→ Supplied data:
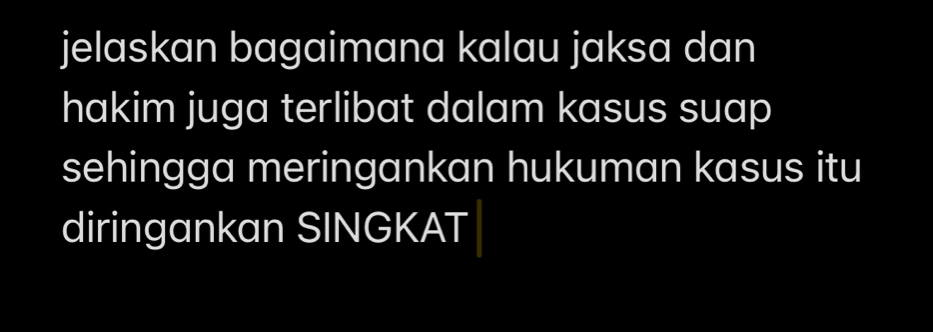 jelaskan bagaimana kalau jaksa dan 
hakim juga terlibat dalam kasus suap 
sehingga meringankan hukuman kasus itu 
diringankan SINGKAT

→ Exercise brief: Give the data again exactly as it appears, but without any images.

→ Output:
 jelaskan bagaimana kalau jaksa dan 
hakim juga terlibat dalam kasus suap 
sehingga meringankan hukuman kasus itu 
diringankan SINGKAT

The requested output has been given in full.